[WORK REQUIRED] Please set down only the lines from the one containing "Picture of Plastic" through the end of the entries below, exactly, minus any pictures.

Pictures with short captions
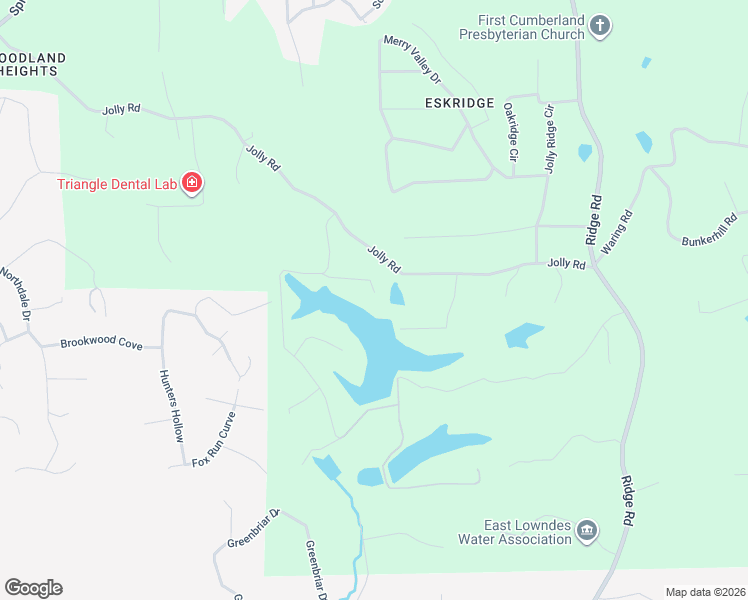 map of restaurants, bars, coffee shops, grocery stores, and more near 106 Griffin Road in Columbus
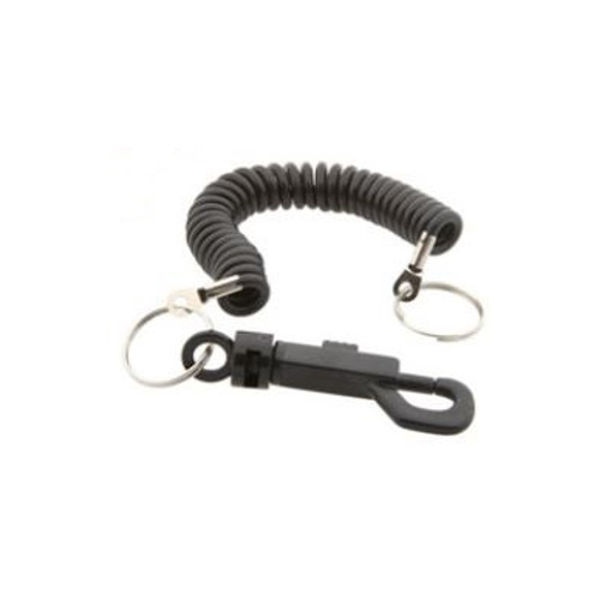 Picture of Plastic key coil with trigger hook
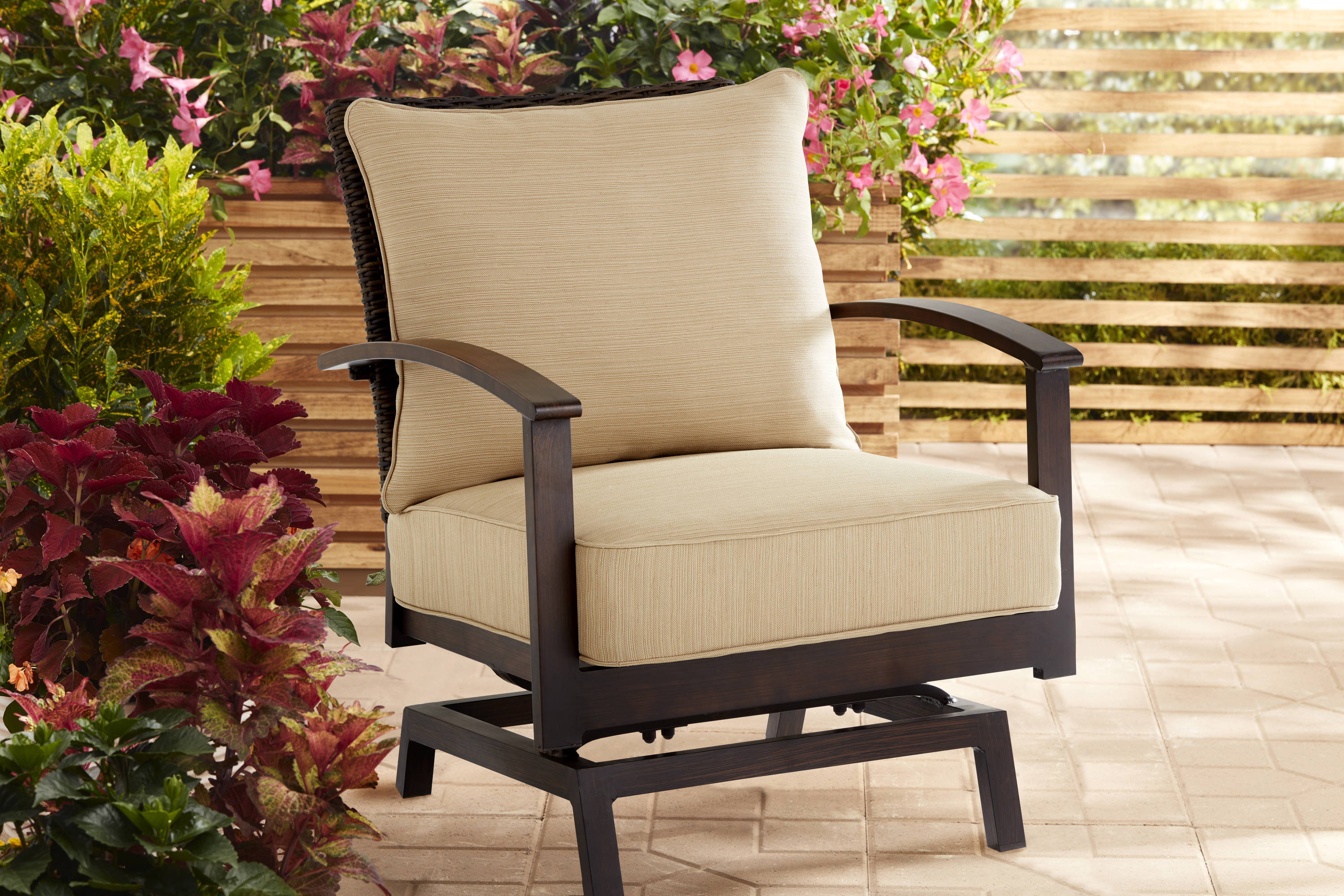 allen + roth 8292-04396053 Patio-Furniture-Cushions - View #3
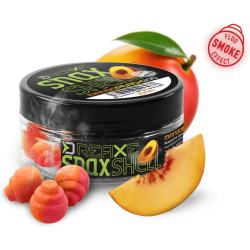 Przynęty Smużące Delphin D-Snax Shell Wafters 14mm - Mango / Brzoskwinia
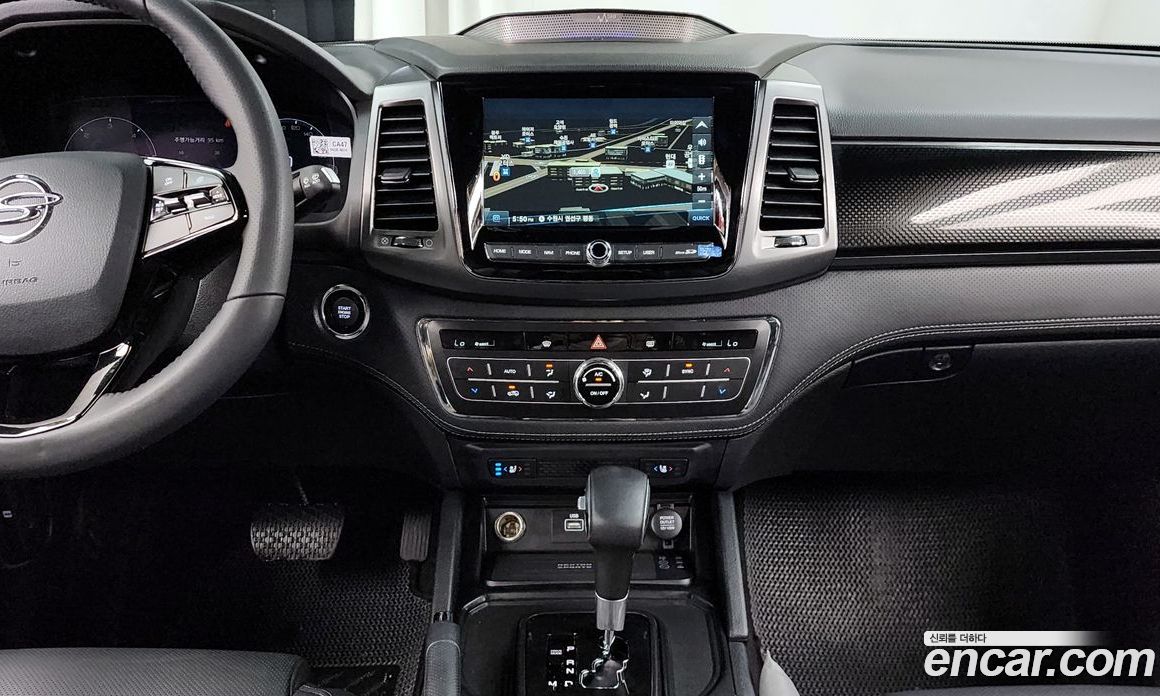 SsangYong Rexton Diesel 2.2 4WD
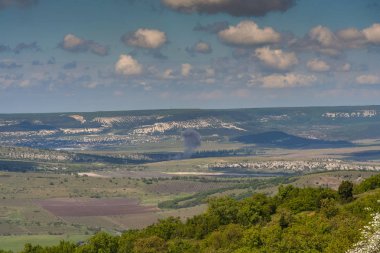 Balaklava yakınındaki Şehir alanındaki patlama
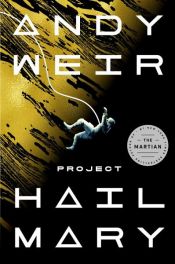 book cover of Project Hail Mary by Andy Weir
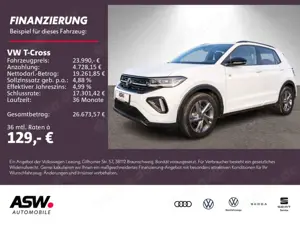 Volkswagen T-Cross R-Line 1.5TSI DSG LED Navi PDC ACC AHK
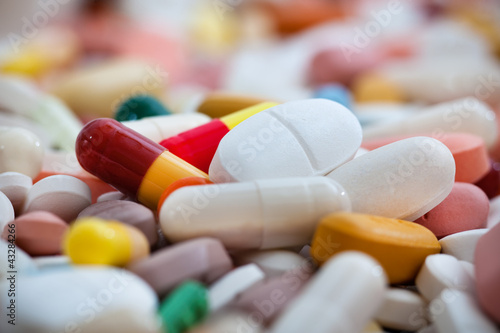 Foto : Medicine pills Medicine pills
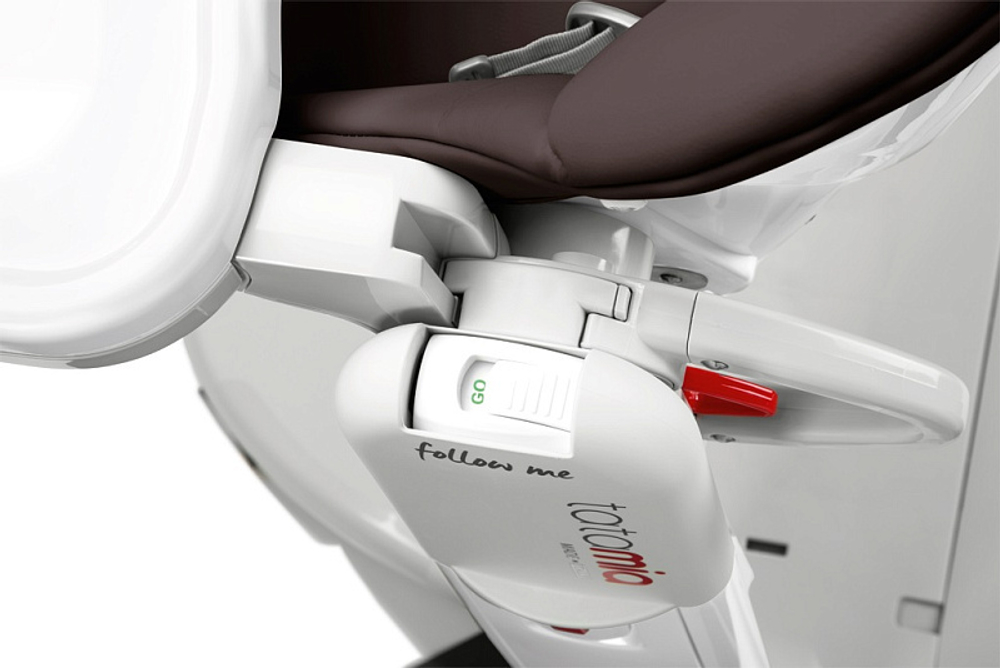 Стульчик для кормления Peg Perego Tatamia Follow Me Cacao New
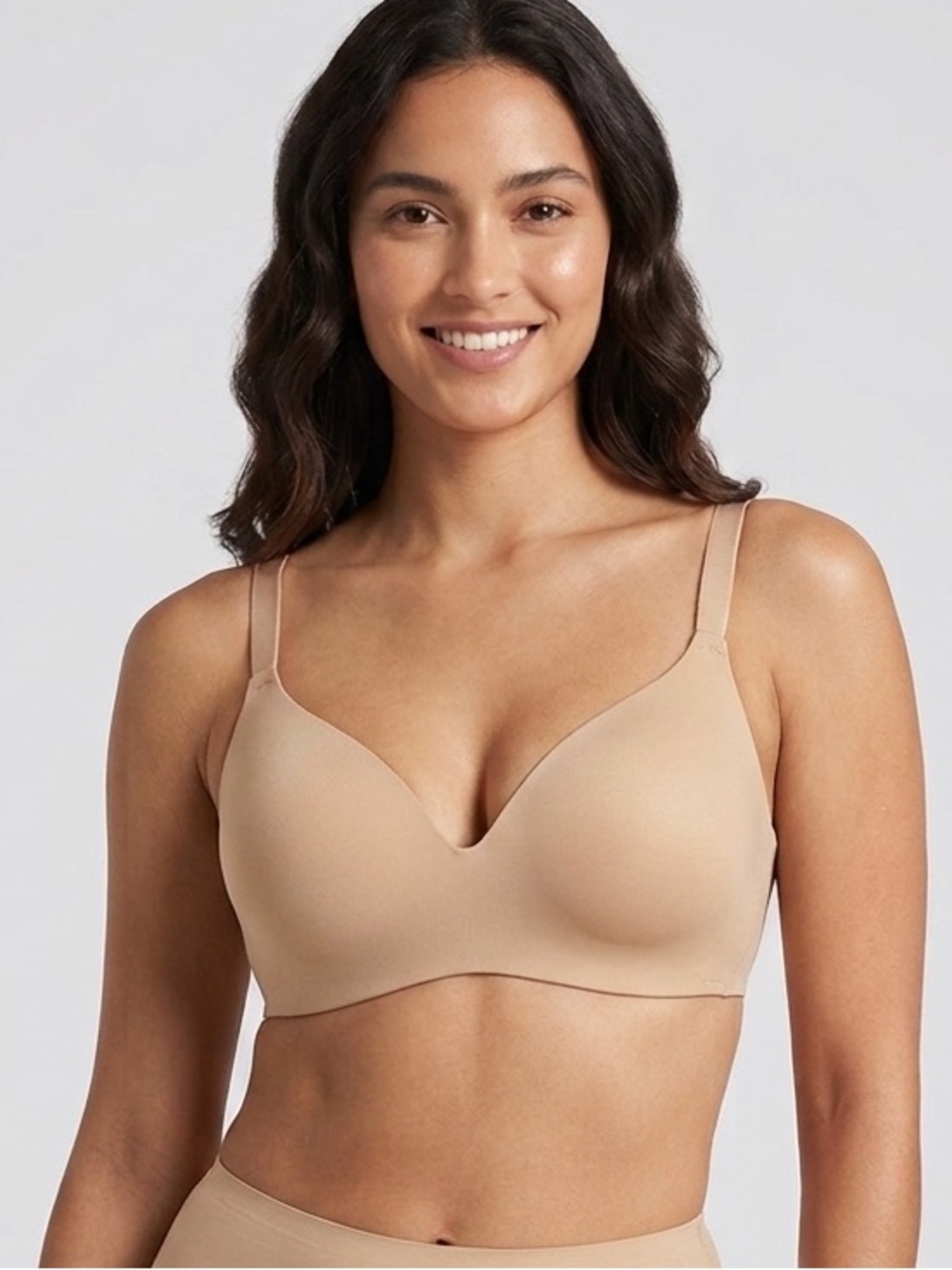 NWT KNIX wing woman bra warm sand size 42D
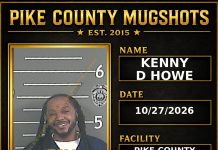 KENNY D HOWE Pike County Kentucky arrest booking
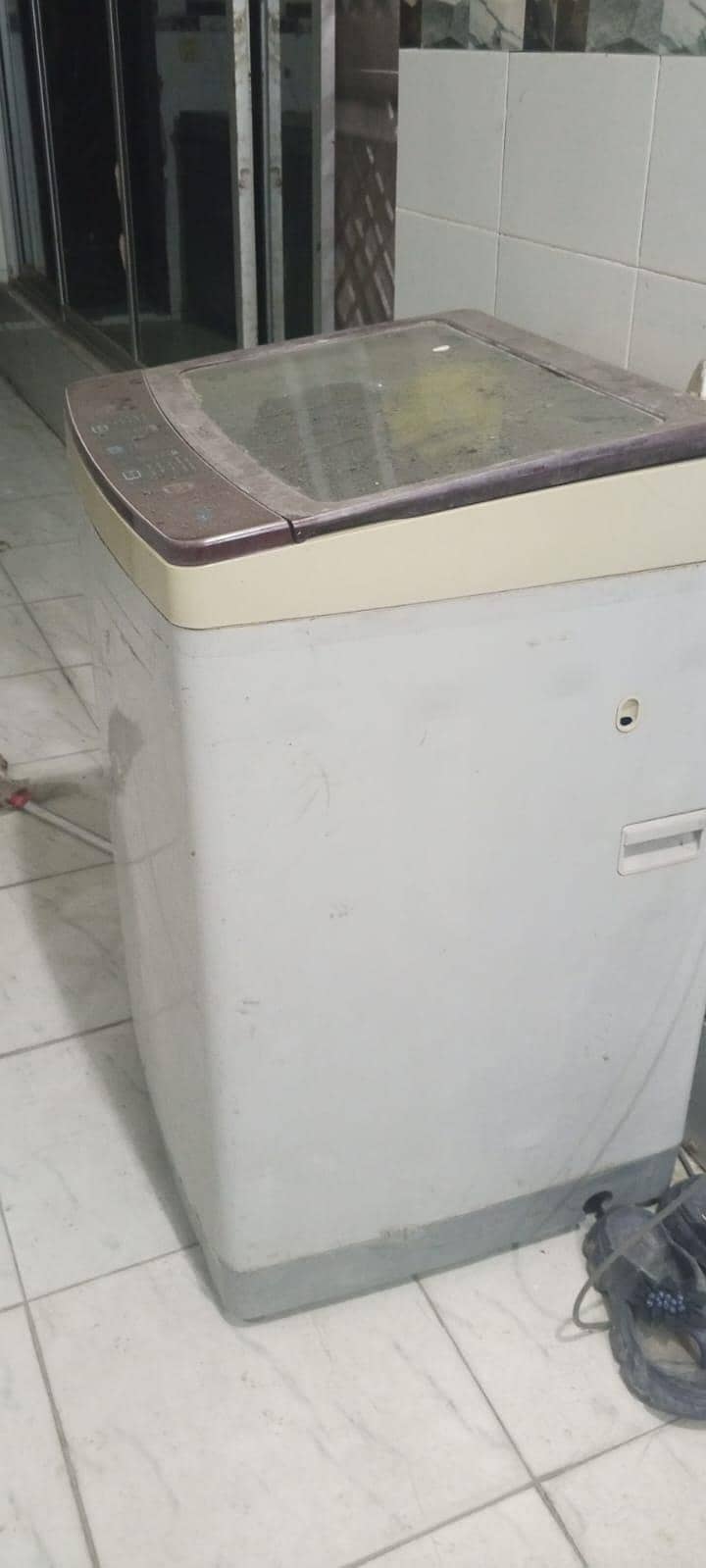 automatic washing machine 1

[SOLUTION TO THIS PROBLEM]
 Picture of Plastic key coil with trigger hook
 allen + roth 8292-04396053 Patio-Furniture-Cushions - View #3
 Przynęty Smużące Delphin D-Snax Shell Wafters 14mm - Mango / Brzoskwinia
 SsangYong Rexton Diesel 2.2 4WD
 Balaklava yakınındaki Şehir alanındaki patlama
 book cover of Project Hail Mary by Andy Weir
 Volkswagen T-Cross R-Line 1.5TSI DSG LED Navi PDC ACC AHK
 Foto : Medicine pills Medicine pills
 Стульчик для кормления Peg Perego Tatamia Follow Me Cacao New
 NWT KNIX wing woman bra warm sand size 42D
 KENNY D HOWE Pike County Kentucky arrest booking
 automatic washing machine 1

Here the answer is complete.